外山滋比古さんの『思考の整理学』(ちくま文庫)読み終える。20代のときに読んでいたはずなのだが、きれいに忘れている。というか、たぶん20代のときにはピンときていなかったことが、今であればこそしみじみ納得できるのだろうなあ・・・・・・というところがたくさんあった。

忘れることが「古典化」に不可欠という考え方が強く印象に残った。「忘れたくない」ので(笑)メモしておく。

「"時の試練"とは、時間のもつ風化作用をくぐってくるということである。風化作用は言いかえると、忘却にほかならない。古典は読者の忘却の層をくぐり抜けたときに生まれる。作者自らが古典を創り出すことはできない。 (中略) きわめて少数のものだけが、試練に耐えて、古典として再生する。持続的な価値をもつには、この忘却のふるいはどうしても避けて通ることのできない関所である」。

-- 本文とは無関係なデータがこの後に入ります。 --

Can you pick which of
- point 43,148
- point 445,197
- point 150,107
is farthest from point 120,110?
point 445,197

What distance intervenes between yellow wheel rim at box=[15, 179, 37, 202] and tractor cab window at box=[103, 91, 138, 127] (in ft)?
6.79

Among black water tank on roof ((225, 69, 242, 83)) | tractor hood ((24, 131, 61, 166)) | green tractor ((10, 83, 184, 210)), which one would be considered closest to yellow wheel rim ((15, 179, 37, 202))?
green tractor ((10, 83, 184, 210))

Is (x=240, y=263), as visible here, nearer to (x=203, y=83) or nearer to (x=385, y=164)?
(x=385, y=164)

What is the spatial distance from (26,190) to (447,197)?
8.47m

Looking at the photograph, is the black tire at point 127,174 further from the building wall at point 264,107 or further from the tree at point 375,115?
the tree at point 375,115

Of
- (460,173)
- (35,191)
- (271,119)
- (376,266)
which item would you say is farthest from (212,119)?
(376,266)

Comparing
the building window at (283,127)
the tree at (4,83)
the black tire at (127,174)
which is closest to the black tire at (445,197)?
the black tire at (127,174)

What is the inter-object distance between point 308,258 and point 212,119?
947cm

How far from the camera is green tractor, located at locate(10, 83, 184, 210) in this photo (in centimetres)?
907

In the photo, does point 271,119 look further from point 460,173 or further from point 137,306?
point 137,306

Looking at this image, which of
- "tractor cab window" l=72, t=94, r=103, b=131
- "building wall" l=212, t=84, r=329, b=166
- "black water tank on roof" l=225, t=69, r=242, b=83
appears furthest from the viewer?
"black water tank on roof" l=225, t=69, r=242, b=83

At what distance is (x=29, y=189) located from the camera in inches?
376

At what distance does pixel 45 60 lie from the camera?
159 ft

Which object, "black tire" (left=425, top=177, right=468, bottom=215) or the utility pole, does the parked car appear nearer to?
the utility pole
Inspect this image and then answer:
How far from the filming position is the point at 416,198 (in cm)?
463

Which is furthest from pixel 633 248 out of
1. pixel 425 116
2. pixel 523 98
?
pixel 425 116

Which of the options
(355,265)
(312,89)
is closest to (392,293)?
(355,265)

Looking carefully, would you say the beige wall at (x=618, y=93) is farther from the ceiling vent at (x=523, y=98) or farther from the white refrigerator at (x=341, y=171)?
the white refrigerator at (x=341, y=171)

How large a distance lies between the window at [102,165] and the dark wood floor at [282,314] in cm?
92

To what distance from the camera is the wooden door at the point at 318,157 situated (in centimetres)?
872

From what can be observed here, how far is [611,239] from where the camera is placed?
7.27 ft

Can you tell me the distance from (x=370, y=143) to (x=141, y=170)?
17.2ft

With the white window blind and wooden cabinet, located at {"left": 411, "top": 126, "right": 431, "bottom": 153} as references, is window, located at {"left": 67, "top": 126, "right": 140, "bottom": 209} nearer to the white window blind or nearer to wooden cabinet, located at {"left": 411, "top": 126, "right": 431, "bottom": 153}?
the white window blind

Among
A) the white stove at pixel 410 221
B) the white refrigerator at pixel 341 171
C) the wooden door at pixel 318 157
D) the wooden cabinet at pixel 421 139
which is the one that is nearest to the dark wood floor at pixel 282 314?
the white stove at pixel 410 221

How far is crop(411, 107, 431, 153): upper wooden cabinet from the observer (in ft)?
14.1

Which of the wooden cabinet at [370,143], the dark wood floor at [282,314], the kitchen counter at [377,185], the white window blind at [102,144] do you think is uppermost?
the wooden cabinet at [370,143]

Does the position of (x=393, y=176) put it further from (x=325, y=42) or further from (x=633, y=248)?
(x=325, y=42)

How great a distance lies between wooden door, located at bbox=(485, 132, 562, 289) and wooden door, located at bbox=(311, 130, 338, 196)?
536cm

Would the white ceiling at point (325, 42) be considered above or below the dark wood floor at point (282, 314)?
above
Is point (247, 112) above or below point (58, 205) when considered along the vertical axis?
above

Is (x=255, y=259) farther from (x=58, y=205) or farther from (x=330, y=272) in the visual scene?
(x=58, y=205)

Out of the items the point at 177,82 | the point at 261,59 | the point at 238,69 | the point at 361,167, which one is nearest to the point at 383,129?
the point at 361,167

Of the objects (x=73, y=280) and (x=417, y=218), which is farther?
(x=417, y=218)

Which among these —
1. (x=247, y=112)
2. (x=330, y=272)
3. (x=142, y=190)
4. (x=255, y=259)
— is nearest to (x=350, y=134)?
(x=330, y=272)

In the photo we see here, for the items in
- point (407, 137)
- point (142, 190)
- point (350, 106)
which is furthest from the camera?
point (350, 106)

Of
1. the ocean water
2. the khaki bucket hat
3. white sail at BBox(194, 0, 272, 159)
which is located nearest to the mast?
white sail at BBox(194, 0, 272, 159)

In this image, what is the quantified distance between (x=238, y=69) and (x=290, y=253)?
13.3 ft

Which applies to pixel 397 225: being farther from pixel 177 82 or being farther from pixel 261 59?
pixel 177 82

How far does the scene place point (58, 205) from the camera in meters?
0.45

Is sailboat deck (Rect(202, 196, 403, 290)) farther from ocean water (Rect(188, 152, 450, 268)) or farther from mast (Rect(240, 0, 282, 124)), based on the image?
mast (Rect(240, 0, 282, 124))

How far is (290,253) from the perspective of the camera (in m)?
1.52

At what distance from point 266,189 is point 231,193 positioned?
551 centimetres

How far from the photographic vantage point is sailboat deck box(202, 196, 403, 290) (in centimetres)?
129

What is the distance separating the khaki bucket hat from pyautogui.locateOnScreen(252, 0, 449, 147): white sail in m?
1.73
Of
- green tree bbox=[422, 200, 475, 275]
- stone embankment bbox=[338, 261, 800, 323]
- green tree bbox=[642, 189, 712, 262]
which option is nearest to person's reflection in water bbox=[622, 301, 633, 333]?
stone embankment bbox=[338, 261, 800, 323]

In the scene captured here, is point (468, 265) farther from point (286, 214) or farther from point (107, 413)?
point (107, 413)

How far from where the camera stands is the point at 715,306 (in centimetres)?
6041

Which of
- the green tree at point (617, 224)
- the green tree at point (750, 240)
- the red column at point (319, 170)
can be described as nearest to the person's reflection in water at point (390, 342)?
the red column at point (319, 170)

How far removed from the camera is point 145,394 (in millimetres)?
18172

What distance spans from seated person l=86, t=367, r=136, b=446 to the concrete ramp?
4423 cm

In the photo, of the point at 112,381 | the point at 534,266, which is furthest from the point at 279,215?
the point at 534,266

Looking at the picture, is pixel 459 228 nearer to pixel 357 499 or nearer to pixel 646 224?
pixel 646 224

人の思考を「古典化」するためは、こんな自然の忘却のふるいを待っているわけにはいかない。人為的に忘れろ、どんどん忘れて思考を古典化せよ、と外山さんは説くのである。

「忘却は古典化への一里塚」「生木のアイディアから水分を抜く」など、思わず座右の銘にしたくなる言葉が満載。ほかにも名言あり。

☆「ひとつだけでは多すぎる」―複数のテーマを同時に進めたほうが、煮詰まることもなく、頭も伸び伸びと働き、思わぬセレンディピティを得られるなどの利点があることは、経験からもよくわかる。

☆「没個性的なのがよい」―素材たちに化学反応を起こさせて独創的なアイディアを得るためには、考える本人の自我や個性などが強く出ないほうがいい。今後、心がけたい最大の課題。

☆「ほめられた人の思考は活発になる」―中傷は心を「殺す」ことに等しい、とは経験からの実感。「どんなものでもその気になって探せば、かならずいいところがある。それを称揚する」というすすめに共感。

☆「思考を生み出すにも、インブリーディングは好ましくない」―インブリーディングとは近親結婚のようなもの。異質な要素がかけあわされてこそ新しい風が入る。

☆「発明するためには、ほかのことを考えなければ、ならない」―なにかほかに拘束されることがあって、心が遊んでいるような状態のときに、よい発想が浮かぶ。

☆「人間には拡散と収斂というふたつの相反する能力が備わっている」―読んだものを自由に解釈して、尾ヒレまでつけていくのが拡散。筆者の意図を絶対として「正解」に向かおうとするのが収斂。「読みにおいて拡散作用は表現の生命を不朽にする絶対条件であることも忘れてはならない。古典は拡散的読みによって形成される」。

一方、「拡散のみあって収斂することを知らないようなことばがあれば、それは消滅する」。

背骨に太い支柱を添えてくれるような1冊。迷ったら、また読み返したい。